Supplied data:

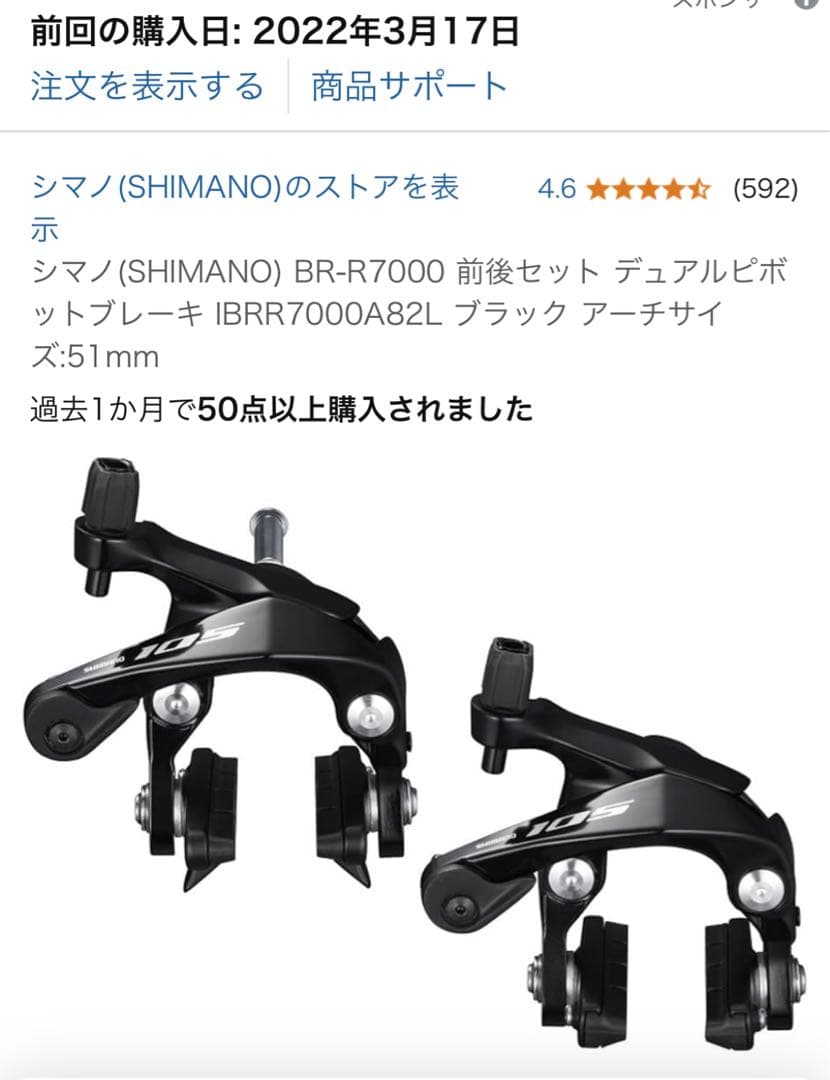 自転車本体 Giant TCR Aluminium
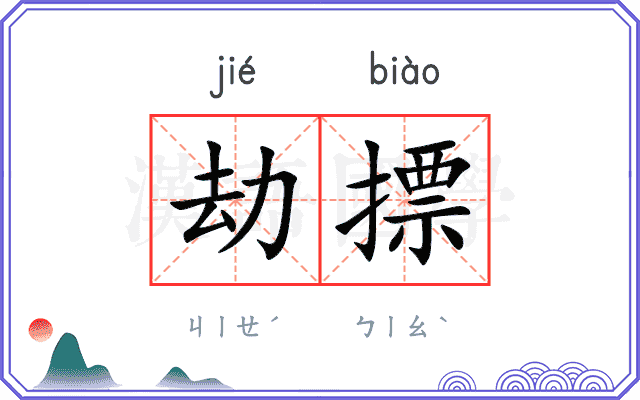 劫摽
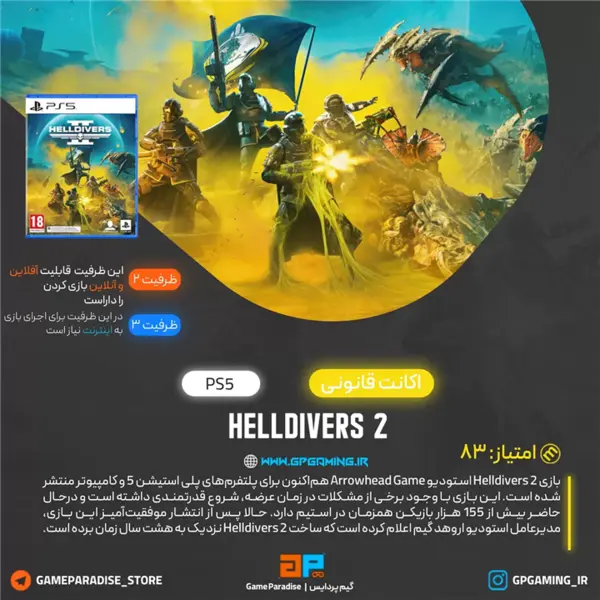 اکانت قانونی Helldivers 2 برای PS5 - 2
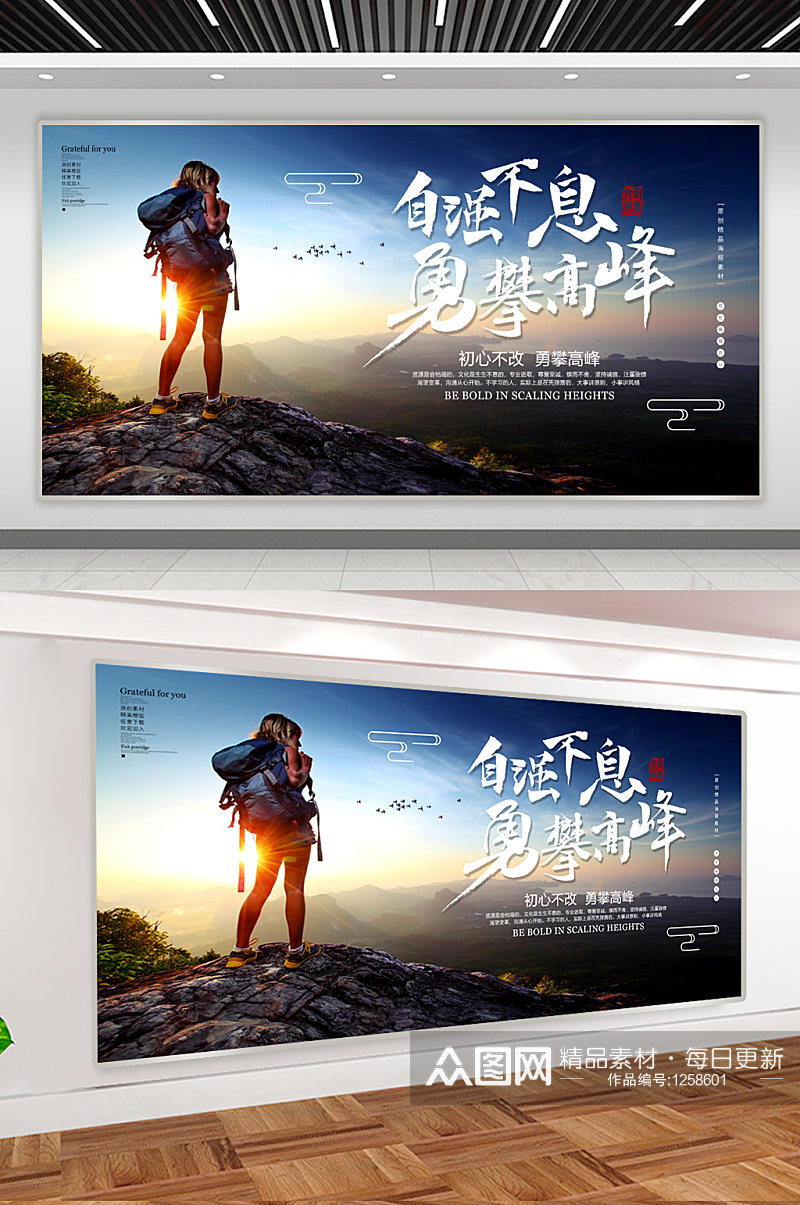 勇攀高峰企业励志展板 攀登者宣传海报素材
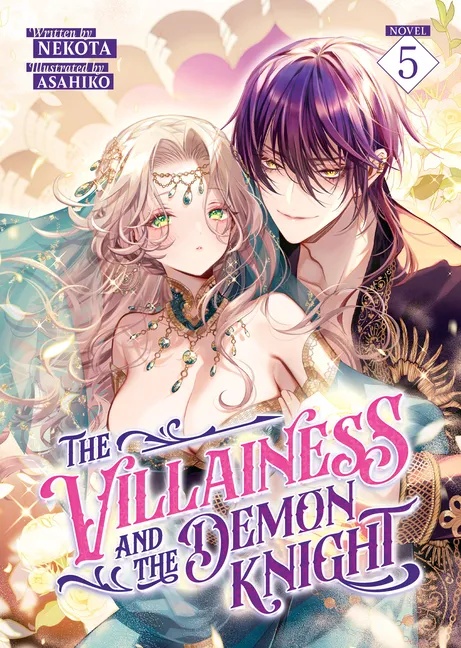 VILLAINESS & DEMON KNIGHT L NOVEL 5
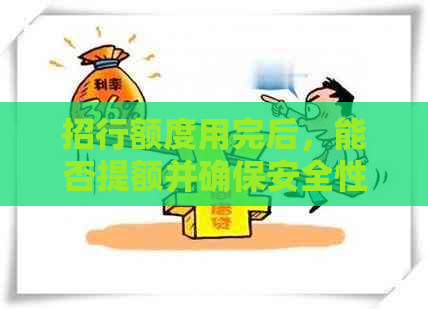 招行额度用完后，能否提额并确保安全性？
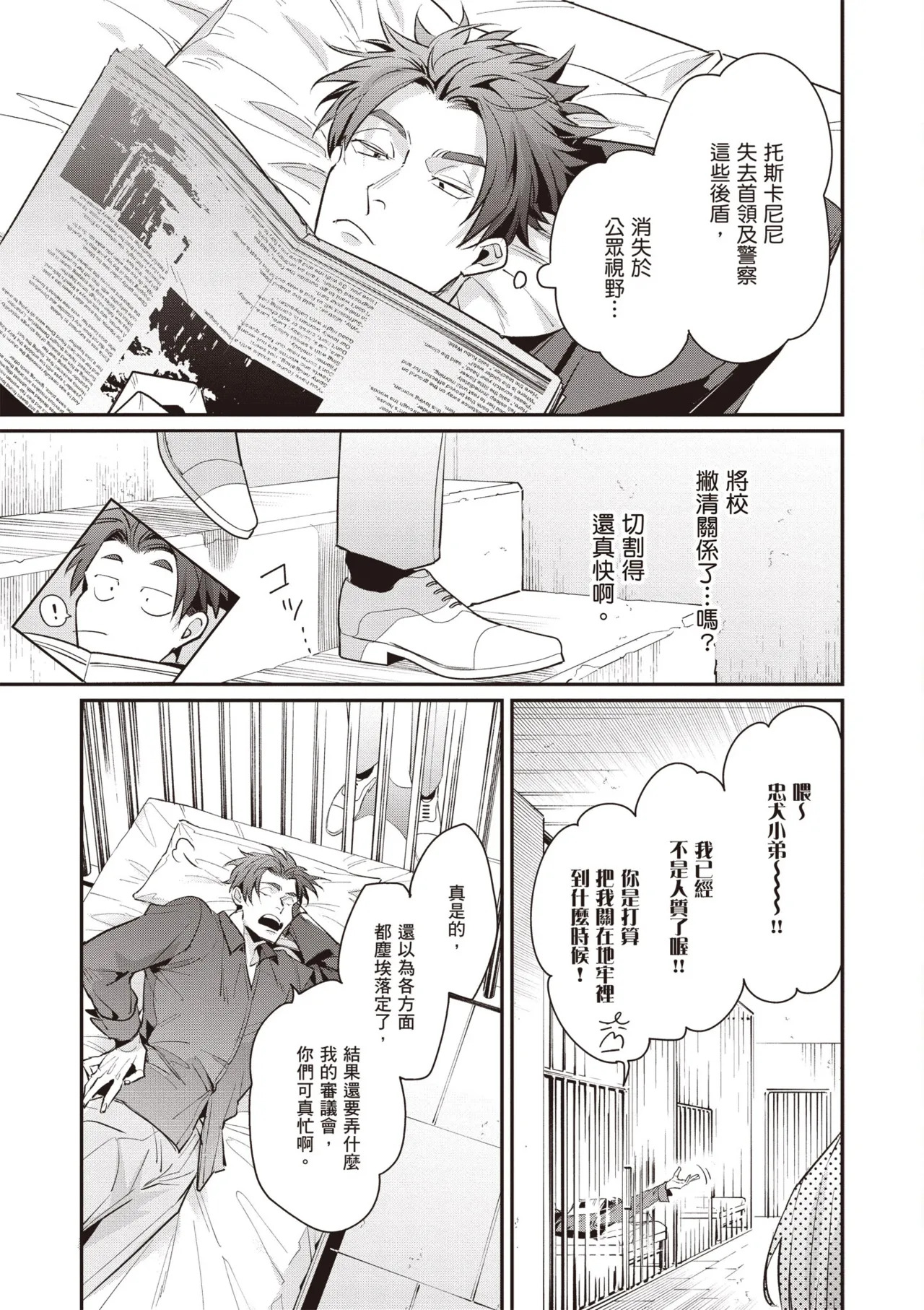 [Tonoka Mottasu] Uragirimono no Love Song 3 | 背叛者的情歌 3 [Chinese] [Digital] - Page 75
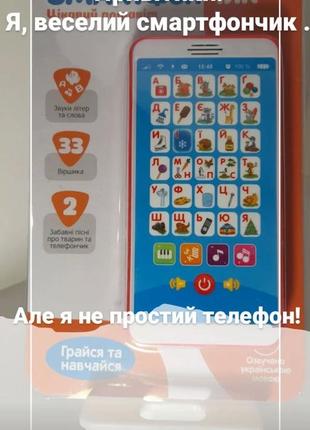 Смартфон-абетка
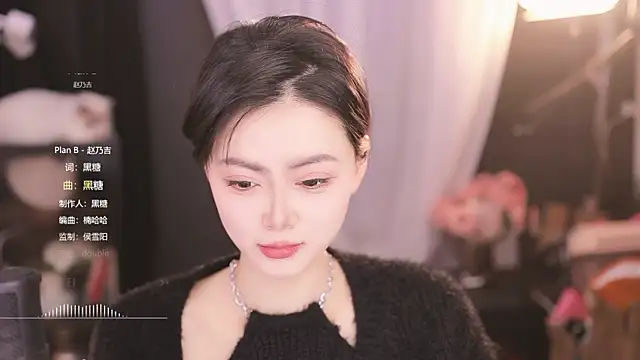 Snapshot of Ocean--Lili chatting on 26, 2, 2025 Ocean--Lili online show from 26, 2, 2025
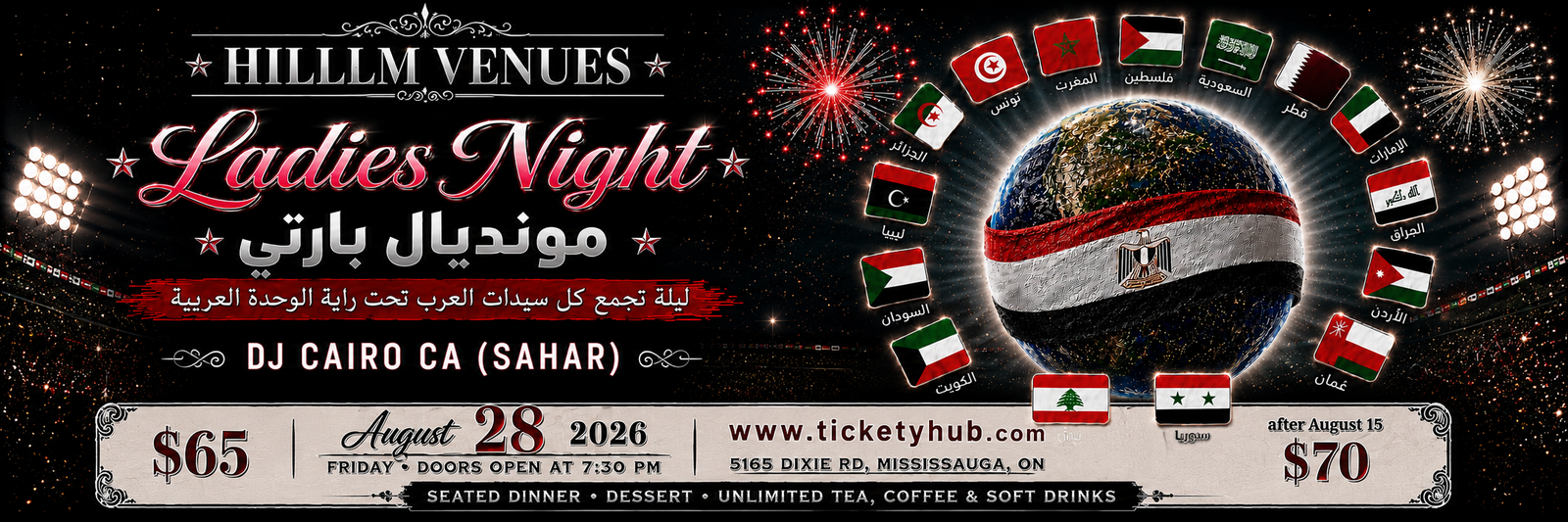 Ladies Night – World Cup Party 2026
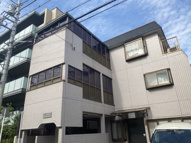 アピアさぎ沼の画像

Aim of the task: Excluding the pictures, output every entry above without alteration.

Task result:
 自転車本体 Giant TCR Aluminium
 劫摽
 اکانت قانونی Helldivers 2 برای PS5 - 2
 勇攀高峰企业励志展板 攀登者宣传海报素材
 VILLAINESS & DEMON KNIGHT L NOVEL 5
 招行额度用完后，能否提额并确保安全性？
 [Tonoka Mottasu] Uragirimono no Love Song 3 | 背叛者的情歌 3 [Chinese] [Digital] - Page 75
 Смартфон-абетка
 Snapshot of Ocean--Lili chatting on 26, 2, 2025 Ocean--Lili online show from 26, 2, 2025
 Ladies Night – World Cup Party 2026
 アピアさぎ沼の画像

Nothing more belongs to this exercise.